L’état d’urgence sanitaire autorise le Premier ministre à prendre par décrets :

  • des mesures limitant la liberté d’aller et venir, la liberté d’entreprendre et la liberté de réunion (y compris des mesures d’interdiction de déplacement hors du domicile);
  • des mesures de réquisition de tous biens et services nécessaires pour mettre fin à la catastrophe sanitaire;
  • des mesures temporaires de contrôle des prix.

Le Premier Ministre a donc carte blanche pour prendre des mesures plus restrictives lorsqu’une catastrophe sanitaire est avérée et en cours. A condition bien sûr, que ces mesures soient proportionnées aux risques encourus et motivées par la crise sanitaire

La déclaration de l’état d’urgence sanitaire entraîne également la constitution d’un comité scientifique, pour la période de l’état d’urgence uniquement. Ce comité rend des avis publics sur les mesures prises.  Il est nommé « Care », pour Comité analyse recherche et expertise et est constitué de 12 chercheurs et médecins.

Place désormais aux ordonnances[1] qui sont prévues au menu du Conseil des ministres qui s’est déroulé le mercredi 25 mars. « Nous allons présenter 25 textes sur le fondement de la loi relative à l’urgence sanitaire qui a été adoptée par le Parlement ce week-end, » a expliqué le Premier Ministre, Edouard Philippe. 

Quelles sont les mesures exceptionnelles qui ont déjà été prises ? 

Outre l’état d’urgence sanitaire établi, cette loi fixe également déjà de nouvelles mesures exceptionnelles : 

  • Report des municipales (article 19 de la Loi n° 2020-290 du 23 mars 2020) : le second tour des municipales est reporté « au plus tard en juin 2020″. La date précise sera fixée en mai prochain par décret. Si ce second tour ne peut toujours pas avoir lieu en juin, le mandat des conseillers municipaux et communautaires sera prolongé pour une durée fixée par la loi. Les électeurs seront convoqués ultérieurement pour deux tours de scrutin et les résultats du premier tour du 15 mars 2020 seront annulés. En toute hypothèse, les conseillers élus dès le premier tour (15 mars) restent élus.
  • Habilitation du Gouvernement à légiférer par ordonnances pour soutenir l’économie (articles 9 à 18) : le gouvernement peut désormais prendre par ordonnances, d’ici le 24 juillet 2020, des mesures dans différents domaines. Ces domaines sont par exemple les suivants : aider et de soutenir la trésorerie des entreprises et des associations afin de limiter les faillites et les licenciements ; adapter le droit au travail ; prolonger l’indemnisation des chômeurs en fin de droits ; faciliter la garde des jeunes enfants ; repousser la date de trêve hivernale etc. Pour en savoir plus, cliquez ici.
  • Sanctions plus sévères : en cas de non-respect des interdictions ou obligations édictées pendant la crise sanitaire, une amende forfaitaire de 135 euros pour la première violation (majorée à 375 euros en cas de non-paiement dans les 45 jours) peut être appliquée, une amende de 1 500 euros en cas de récidive dans les 15 jours et jusqu’à 3 750 euros d’amende et six mois de prison en cas de multi-récidive dans une période de 30 jours. La suspension du permis de conduire est également possible.

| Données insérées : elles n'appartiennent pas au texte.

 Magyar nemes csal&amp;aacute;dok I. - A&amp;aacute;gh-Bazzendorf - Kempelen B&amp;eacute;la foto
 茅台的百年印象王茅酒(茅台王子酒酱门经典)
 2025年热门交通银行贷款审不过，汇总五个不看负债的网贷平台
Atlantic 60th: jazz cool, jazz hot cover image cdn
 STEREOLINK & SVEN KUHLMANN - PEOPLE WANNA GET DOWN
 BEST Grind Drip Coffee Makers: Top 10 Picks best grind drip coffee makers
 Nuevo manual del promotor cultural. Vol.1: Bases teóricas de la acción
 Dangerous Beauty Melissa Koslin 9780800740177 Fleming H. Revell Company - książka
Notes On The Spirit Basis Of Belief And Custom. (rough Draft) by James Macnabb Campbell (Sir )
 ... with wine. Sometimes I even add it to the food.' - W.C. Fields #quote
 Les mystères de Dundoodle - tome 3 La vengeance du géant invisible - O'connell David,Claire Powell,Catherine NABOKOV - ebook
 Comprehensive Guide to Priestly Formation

De plus, de nombreuses autres mesures ont été présentées et adoptées en Conseil des Ministres le mercredi 25 mars 2020 : 25 ordonnances prises en application de la loi d’urgence n° 2020-290 du 23 mars 2020 (article 11) pour faire face à l’épidémie de Covid-19 et pour endiguer la crise économique et sociale liée au Covid-19 – cliquez ici pour en savoir plus

Le président de la République, dans son discours à 20h le mercredi 25 mars 2020, a également annoncé des heures supplémentaires majorées et une prime exceptionnelle pour « l’ensemble des personnels soignants et des fonctionnaires mobilisés » ; un « plan massif d’investissement » pour l’hôpital ; une opération militaire nommée « Résilience » pour aider la population et enfin, une réunion ce vendredi 27 mars avec les partenaires sociaux pour « organiser le travail ».

[1] Ordonnances : le Gouvernement peut demander au Parlement l’autorisation de prendre lui-même des mesures relevant normalement du domaine de la loi, afin de mettre en œuvre son programme (art. 38 de la Constitution) tandis que les décrets ont une portée générale et relève du domaine réglementaire.